Decriminalisation of offences under LLP Act

The company law committee recommended decriminalizing 12 offenses under the Limited Liability Partnership (LLP) Act to help in improving the ease of doing business for LLP firms.

About Limited Liability Partnership (LLP)

It is an alternative corporate business form in which some or all partners (depending on the jurisdiction) have limited liabilities. It exists mainly in common law jurisdictions, and is similar to a general partnership, in that the partners are jointly and severally liable for any breach of duty by any one partner.

Under this, partners are not responsible or liable for another partner’s misconduct or negligence. This is an important difference from the traditional unlimited partnership in which each partner has joint liability.

Recommendations of the committee:

The committee has recommended decriminalizing several offences related to timely filings, including annual reports and filings on changes in partnership status of the LLP, not related to fraud.

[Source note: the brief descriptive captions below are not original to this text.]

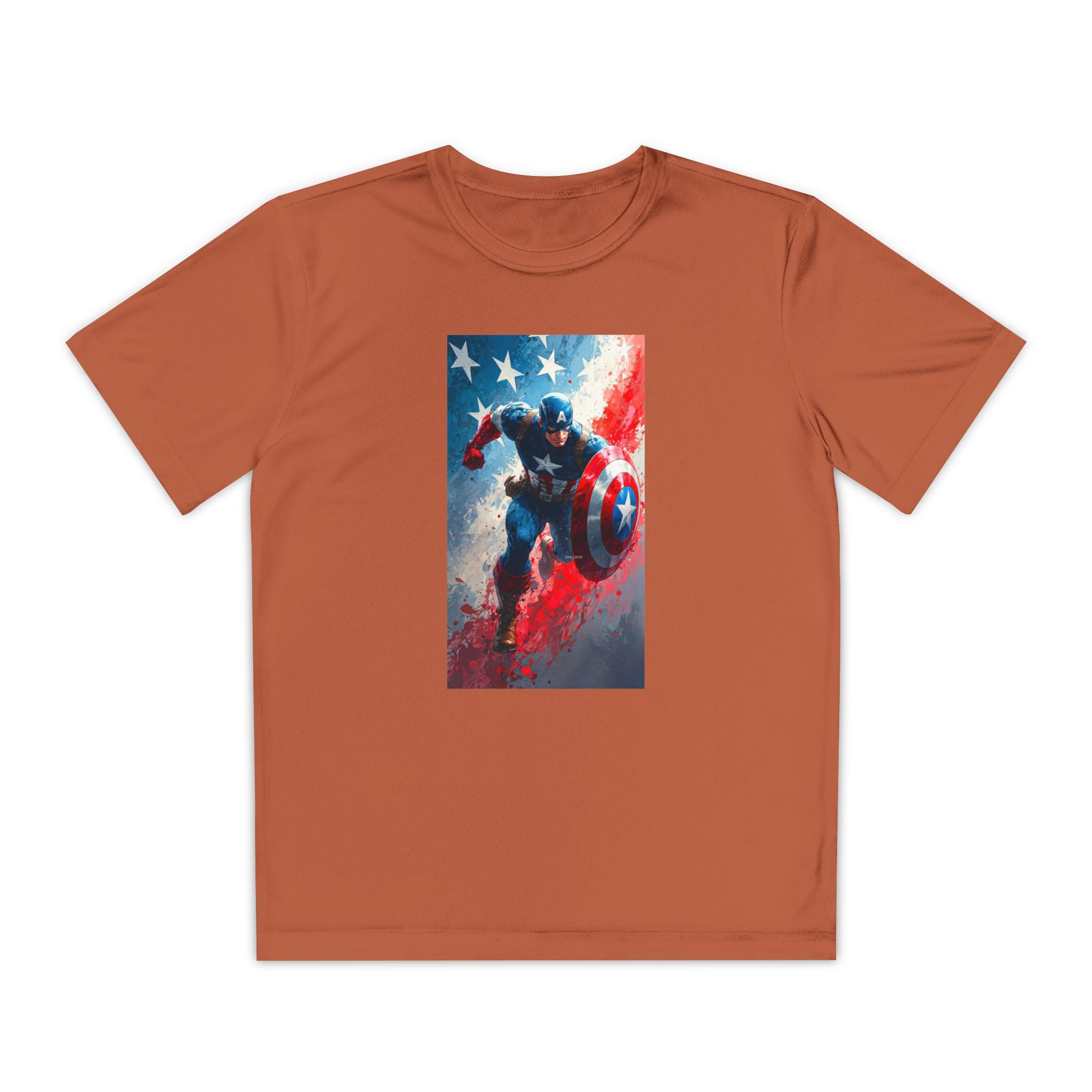 Captain America Superhero Marvel Patriotic, Kids Graphic T-Shirt, Boys Hero Top, Girls Comic Book Clothing, Birthday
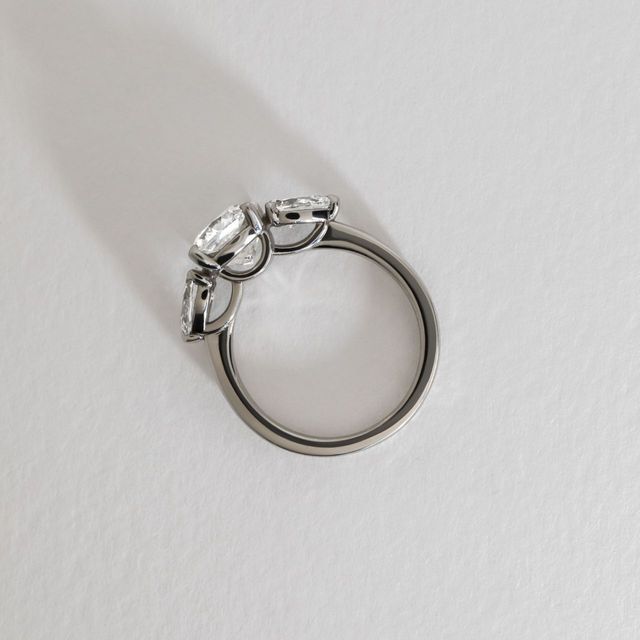 2 Carat Lab Grown Cushion Diamond Trilogy Engagement Ring in Platinum - Vivian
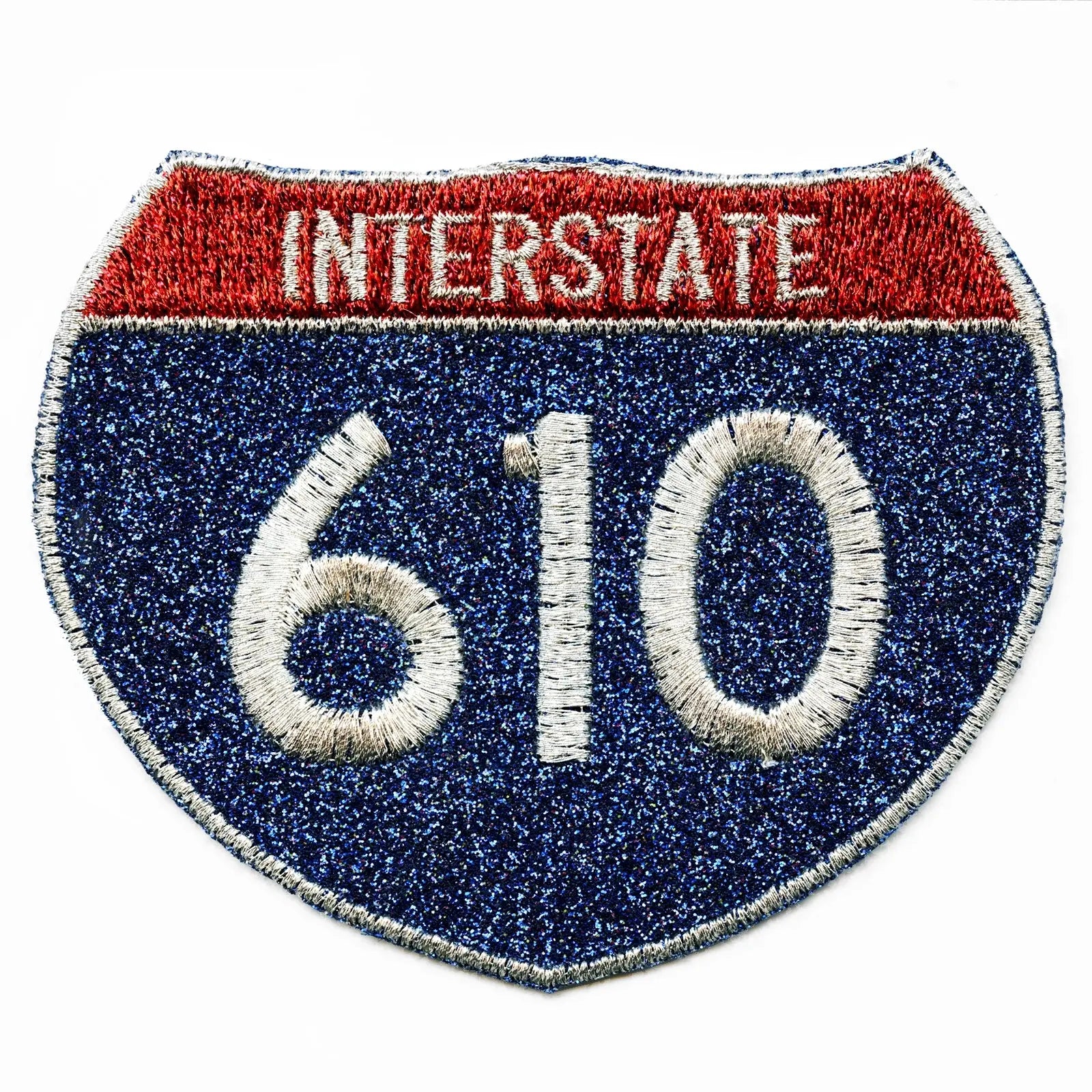 Houston Interstate I-610 Highway Sign Logo Iron On Glitter Sparkle Patch Bling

The Committee recommended that those companies who commit any violations of the Consumer Protection Act, be made to pay penalties instead of fines.

The Registrar of Companies should have the authority to impose penalties for any contravention of provisions of the LLP Act.

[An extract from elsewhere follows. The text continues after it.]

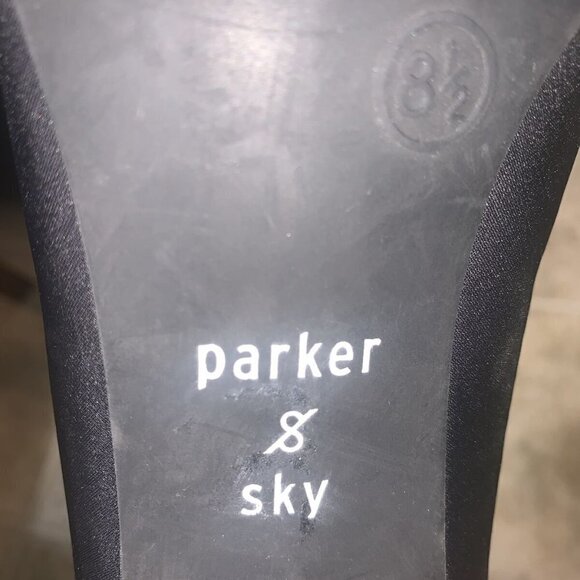 Parker & Sky Women's Ankle Booties Size 8.5 Satin Fabric Lucite Heels Peep Toe - Picture 7 of 7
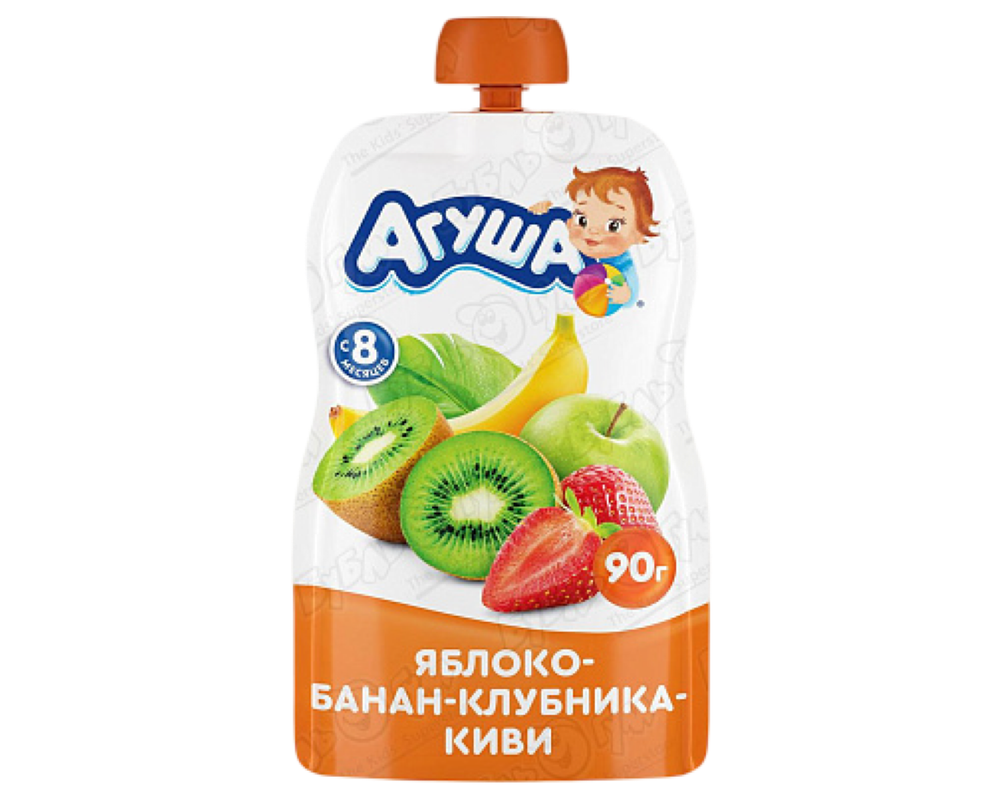 Пюре Агуша Яблоко-Банан-Клубника-Киви 90г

The standing committee on finance has recommended that Limited Liability Partnerships (LLPs) which are currently not allowed to issue debt securities should be allowed to issue non-convertible debentures (NCDs) to facilitate the raising of capital and financing operations.

What are Non-convertible debentures (NCDs)

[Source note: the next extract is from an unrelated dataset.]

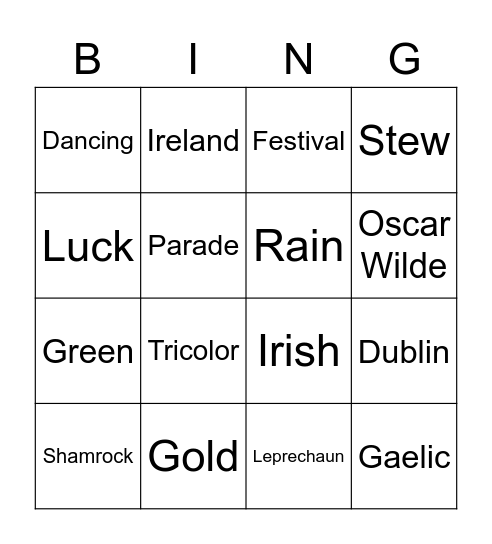 St. Patrick's Day Bingo Card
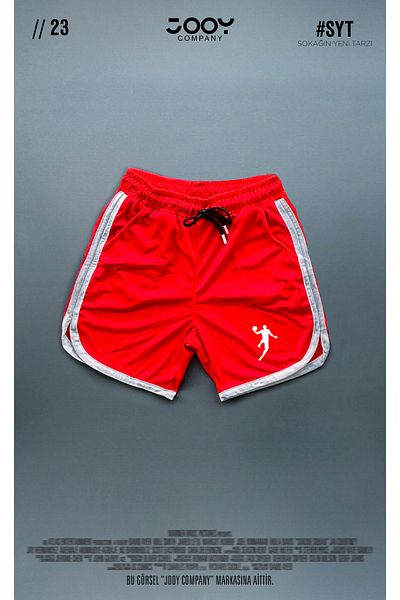 Jooy Red Basketball Player Printed Training Fitness Sportsman Shorts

Debentures are long-term financial instruments that acknowledge a debt obligation towards the issuer. Debentures are generally used for raising capital by companies in the form of shares.

Some debentures have a feature of convertibility into shares after a certain point of time at the discretion of the owner while some debentures have this particular feature disabled by default. The debenture which can’t be converted into shares or equities is called non-convertible debentures (or NCDs).

Non-convertible debentures are long-term instruments that are issued in public issues by companies, with the main intention of raising capital from investors. Usually referred to as fixed-rate bonds, these instruments do not have any provision for conversion to equity shares of the issuer company.